Dr. Bijna K. Dasani is the Head of Architecture & Innovation at Lloyds Banking Group. With 19+ years of professional experience, she has worked across EMEA, the Americas and Asia, and has a robust track record of delivering successes for global Banking and Financial Services across the verticals of Strategy, Innovation and Technology. Bijna serves the Boards of FinTech Connect, CIONet, IPQC CDO Exchange, and the Inclusive Companies Network. She is a FinTech Mentor and has co-hosted the Women in Business TV series and films videos on Mentorship, Leadership & Technology.

Can you tell us about your career progression into your current role?

After work-experience with the Royal Bank of Scotland Group (during secondary education), my first tangible role in Financial Services was with Credit Suisse; I was instantly inspired and intellectually stimulated by my colleagues and the working environment alike. I later moved to Goldman Sachs in New York, transitioning from Operations into Change Management and later Strategy roles. As my career has since taken me to different roles and locations, Strategy has become my core skill set and Innovation my secondary; which encompasses verticals of data, core innovation, fintech, and applied sciences – all of which have been the pillars underpinning career over the past decade.

Looking back at your career to date, can you pinpoint when you first noticed an emphasis on diversity and inclusion around you?

This is very circumstantial at times; there have been moment of gaps and moments of emphasis; personally, it’s always been a priority throughout my career. As a graduate entry into Financial Services, I was an equal in terms of gender parity and an evident minority in terms of culture and religion. I’ve observed labelling and globally, the statistical evidence on the lack of parity for women in Financial Services, as well as other sectors; women are typically 10%-20% of the C Suite in most sectors across geographies. A few years ago, I chose to write a paper exploring the reasons behind the lack of parity, particularly within the Financial Services C Suite. While historical, environmental and economic factors play a role, my research showed distinct attrition at the middle management level, when women’s priorities often change at home and at work simultaneously; which has a fundamental impact on women reaching the boardroom. For the past decade, I’ve been sharing views about the importance of shared responsibility at home and at work, particularly through those increased responsibility phases. While things are improving with regards to awareness; the fact remains that we are still 200+ years away from gender parity when it comes to salary.

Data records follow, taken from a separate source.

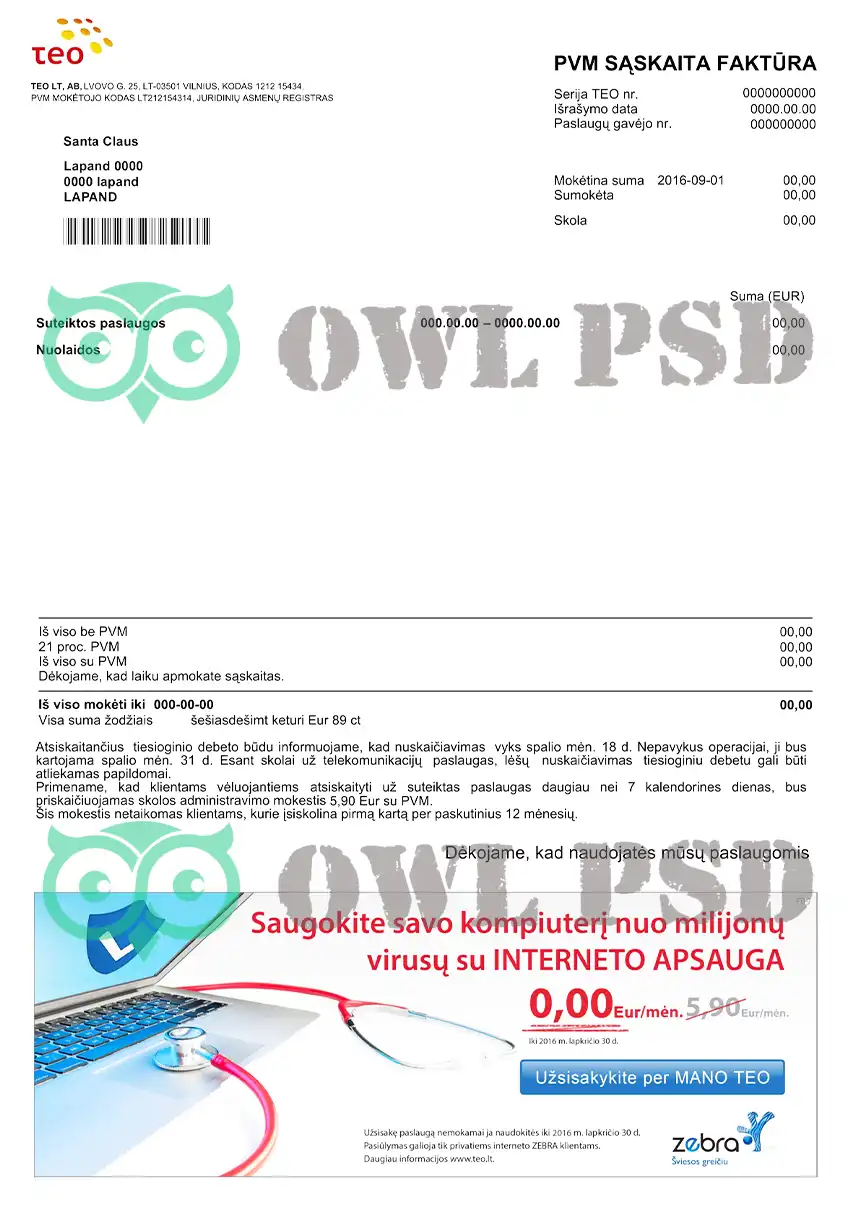 Lithuania Teo Utility Bill Template preview image 1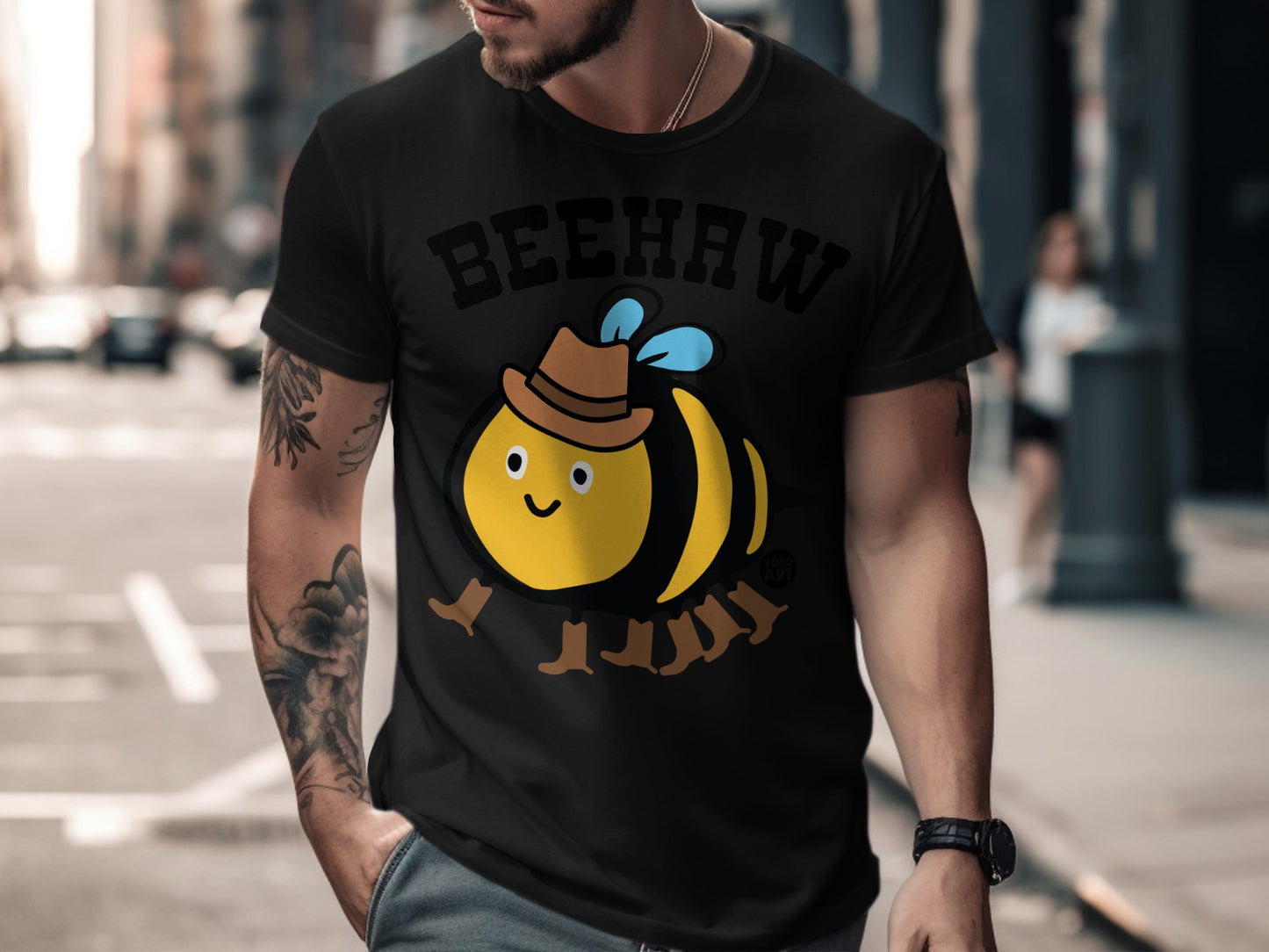 Beehaw Graphic Tee with Cute Bee and Hat Design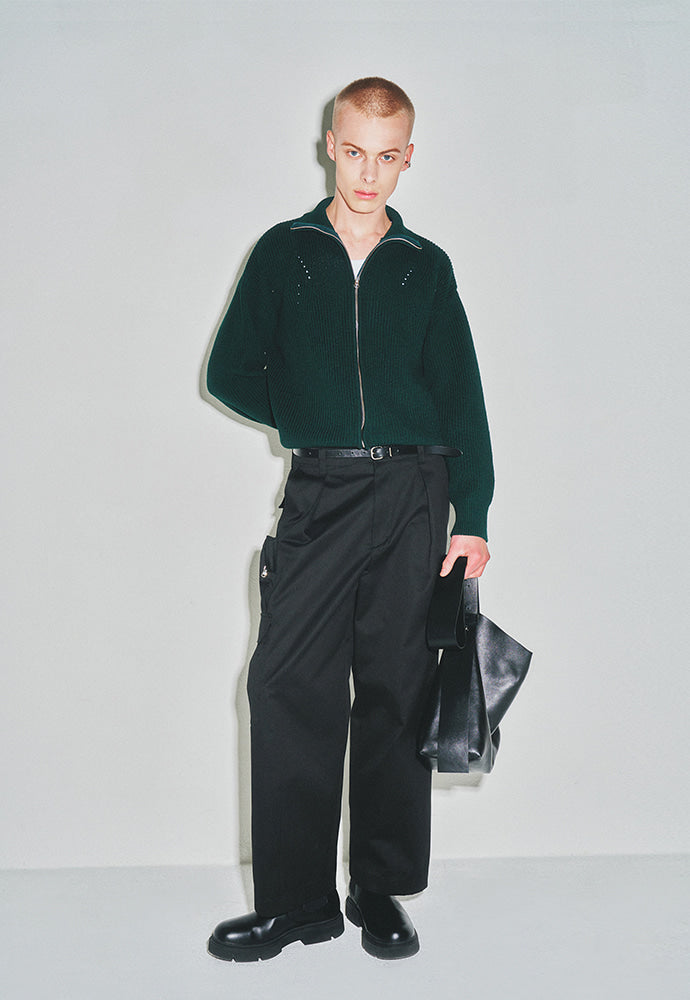 Tonywack - Italian Cotton Hard Twist Zip-Up Knit (Dark Green) product image 1 | TRAB K-Fashion Australia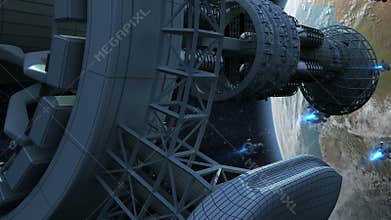 Alien spaceships invading Earth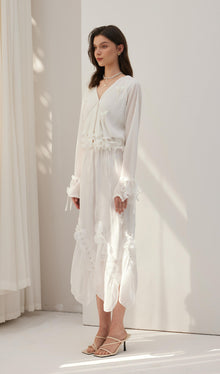 Solid Draped Midi Skirt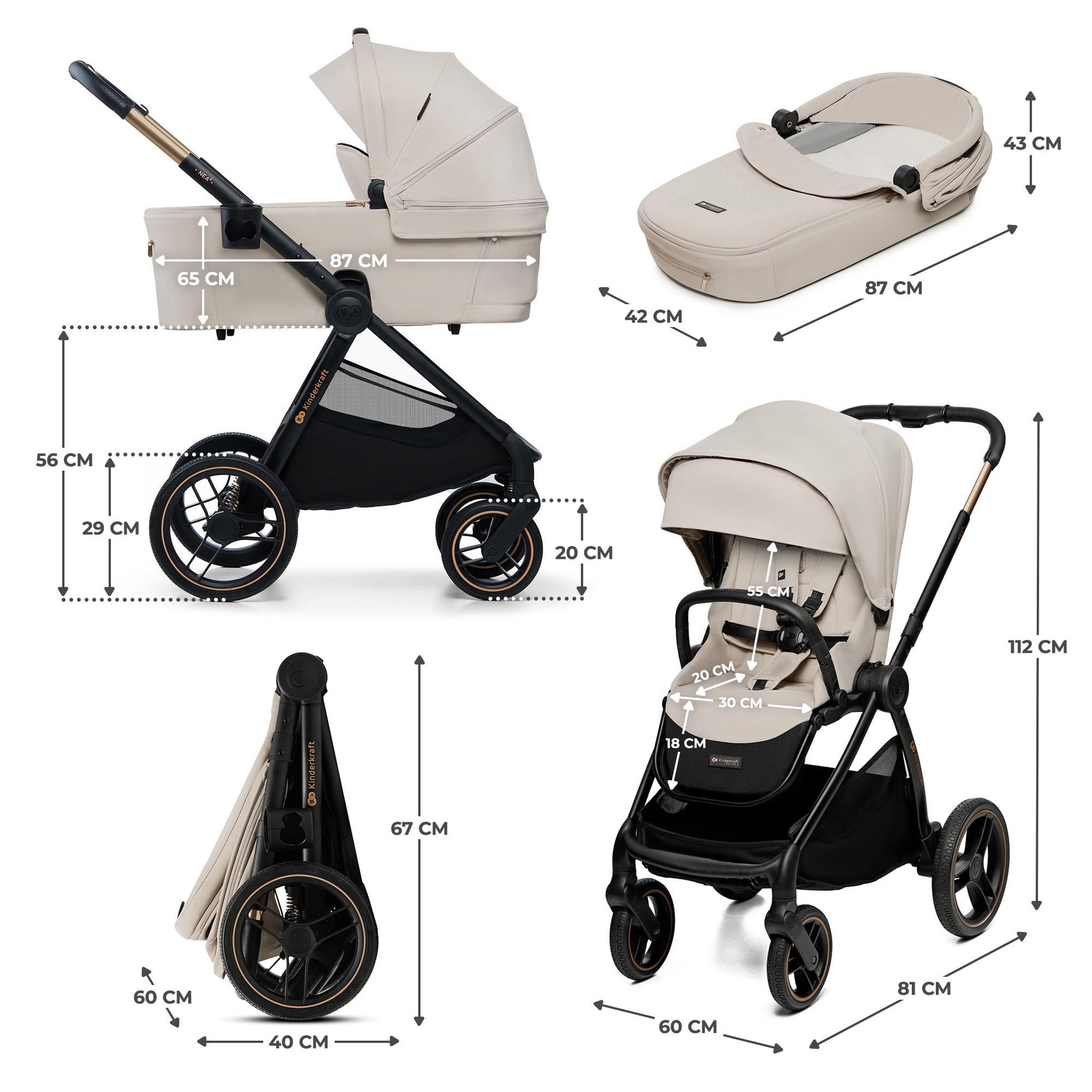 Voir la diapositive 6 : KINDERKRAFT Poussette combinée polyvalente 2 en 1 avec siège réversible à 27 kg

You have worked across EMEA, APAC and the Americas – what are the cultural differences, and have they affected your management style?

There are cultural differences not just between these regions, but also within them. One of my roles covered both North America and Latin America – both provided completely different experiences during the same tenure. In fact, no two states in America are the same. It’s critical to understand the value-system of colleagues in any region, and thereafter understand how it drives their decision-making, thought-process and communication - and then it’s really important to adapt your own style as necessary. My own leadership style is therefore adaptive; it supports this strategy and has served me well.

What is your approach to innovation?

Start small but think big. I see innovation as a series of small, incremental steps that lead to impactful change. My approach is to focus on a problem, develop a solution (often through technology) and create a business model around that solution.

How can we encourage people to be more innovative?

Encourage an innovative spirit and provide colleagues with safe environments to test-and-learn and experiment; if they can fail-fast, learn-fast and incrementally conquer challenges over time - these learnings underpin the makings of a solid foundation.

How has your field evolved through technology and innovation?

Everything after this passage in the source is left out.